All paths are relative to the configured root (FILE_SYSTEM_PATH) and use / as the separator.

  1. folder_contents(path: str = "") -> FolderContents

    • Arguments: path (str, optional)
    • Description: Returns a list of files and subfolders within path. If path is empty, returns the root folder contents.
  2. file_metadata(path: str) -> FileMetadata

    • Arguments: path (str, required)
    • Description: Returns file metadata (e.g., size, type, whether it’s readable as an image, and whether text can be extracted).
  3. file_contents(path: str) -> str

    • Arguments: path (str, required)
    • Description: Downloads the file and returns its contents as a string. Best for text or text-based formats. Binary files may yield unreadable output; prefer file_contents_base64() for binary data or image_file_contents() for images.
  4. file_contents_base64(path: str) -> str

    • Arguments: path (str, required)
    • Description: Downloads the file and returns its contents as a Base64-encoded string. Recommended for binary files.
  5. image_file_contents(path: str, thumb_width: int = 0) -> Image

    • Arguments: path (str, required), thumb_width (int, optional)
    • Description: Downloads a PNG or JPEG image and returns an Image object. If thumb_width > 0, returns a thumbnail resized to that width while preserving aspect ratio.
  6. file_file_contents_as_text(path: str) -> str

    • Arguments: path (str, required)
    • Description: Retrieves a file and returns extracted text when supported (PDF, DOCX).
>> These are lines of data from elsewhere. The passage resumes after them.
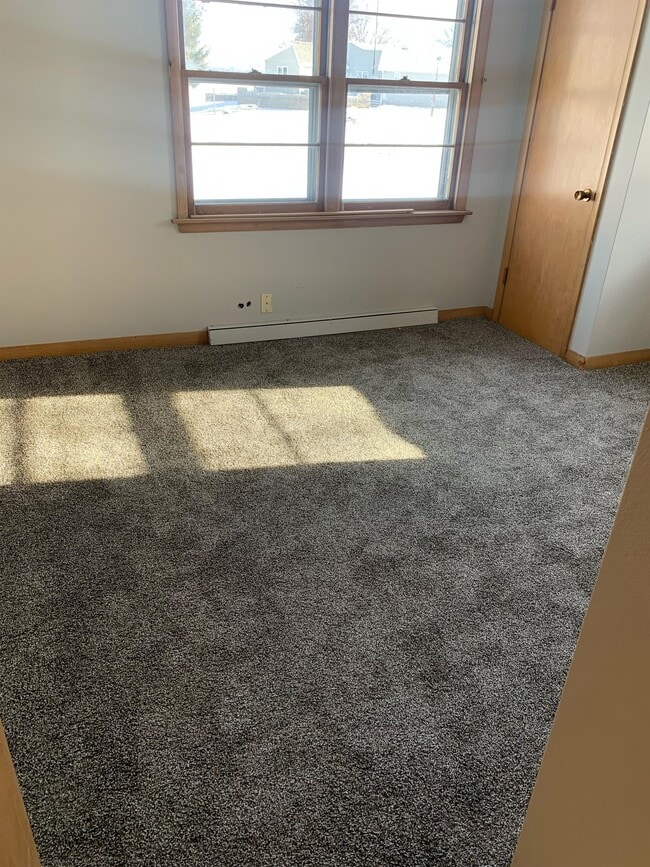 Building Photo - 111 Ann St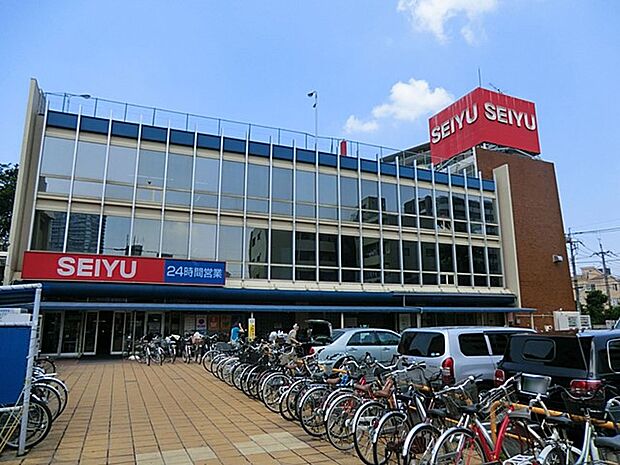 スーパー 100m 西友蕨店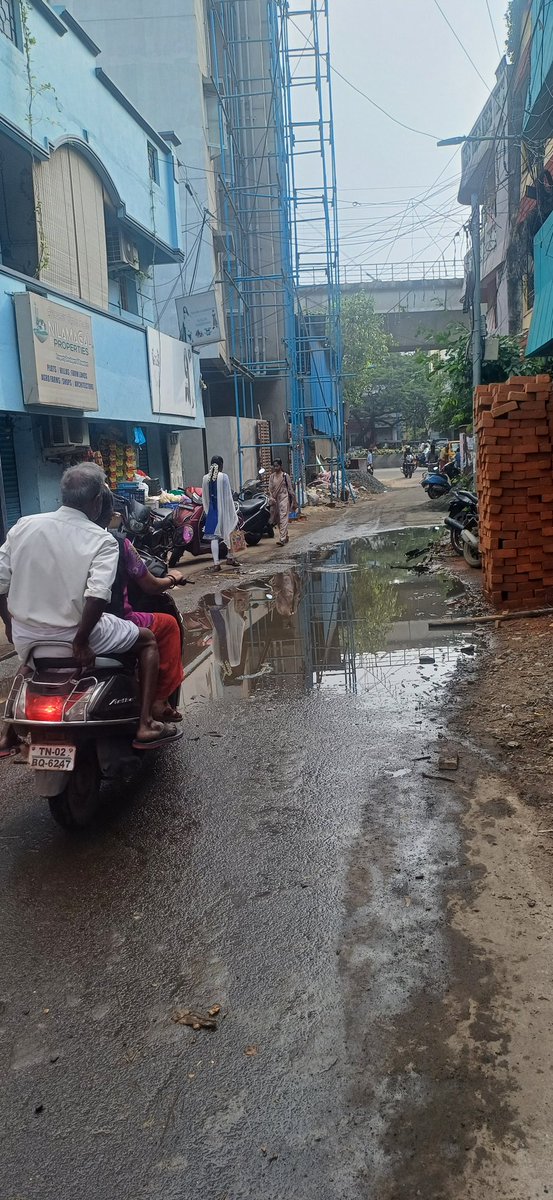 logeshpmk's tweet photo. @chennaicorp @kgbias @PriyarajanDMK @MMageshkumaar @CHN_Metro_Water 13வது மண்டலம் 168 வது வார்டு முதல் பிள்ளையார் கோவில் தெருவில் தினமும் கழிவுநீர் தெருவில் ஓடுகிறது கழிவு நீர் அனைத்தும் அருகாமையில் உள்ள மழைநீர் கால்வாயில் புகுந்து தேங்கி நின்று கொசுக்கள் உற்பத்தியாகிறது https://t.co/QvNyX4WOCM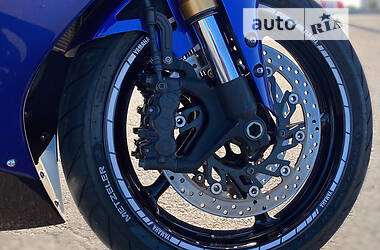 Спортбайк Yamaha R1 2009 в 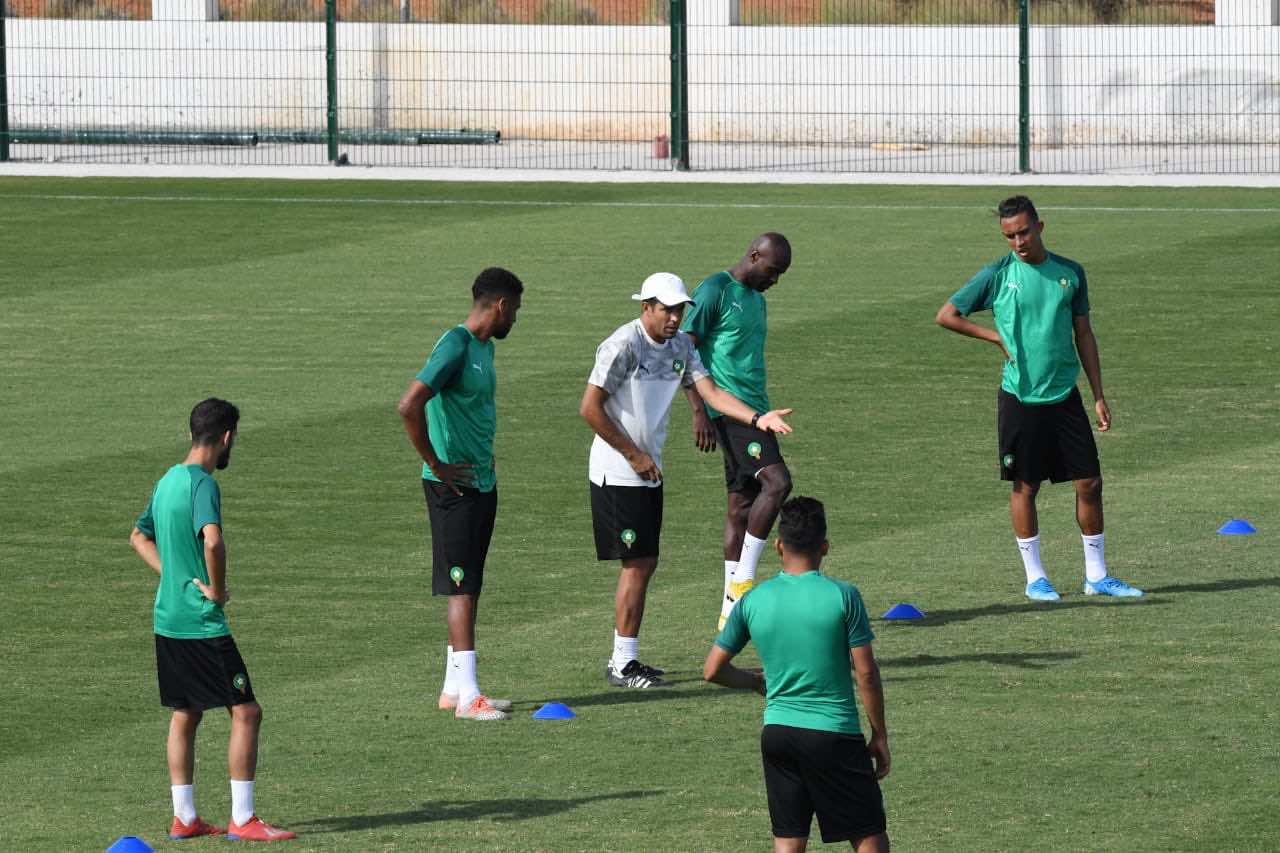 مهاجم الوداد يغادي معسكر المنتخب بسبب الإصابة وعموتة يضع أولى لمساته على المحليين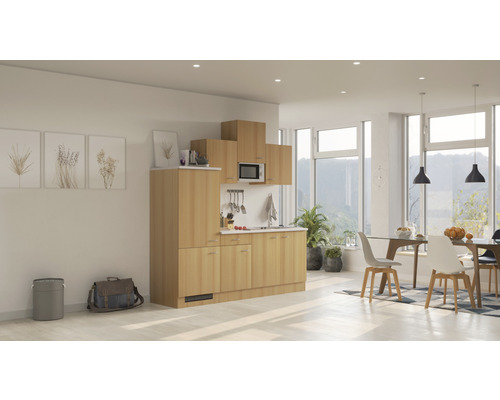 Komplette Küchenzeile mit Schränken, Spüle, Mikrowelle und Dunstabzugshaube in einem hellen, modernen Raum.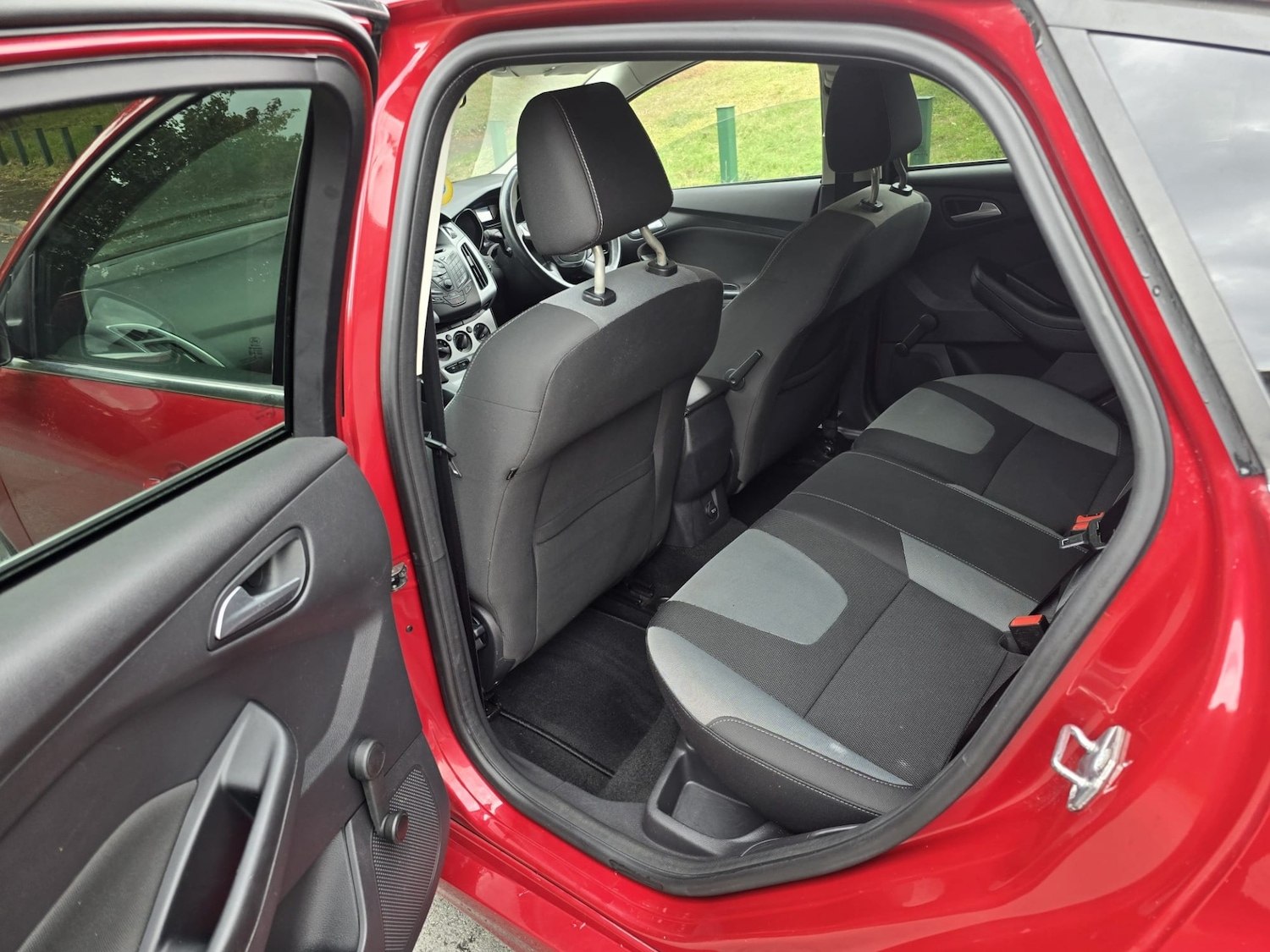 Used Ford Focus 2012 for sale - 76554526: Photo 14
For other types, returns the raw content as a string (same behavior as file_contents()).

Security Disclaimer

This software is provided as is and carries inherent security risks. Large Language Models (LLMs) and related systems cannot currently be fully secured against malicious inputs, which may lead to unintended behavior or data exposure. By using this MCP integration, you assume all responsibility for associated risks and agree that the authors accept no liability for any security incidents or consequences.

Nasuni Labs Disclaimer

Nasuni Labs projects are community-supported and maintained within this repository. They are provided as-is, without guarantees or formal Nasuni support. Use at your own discretion.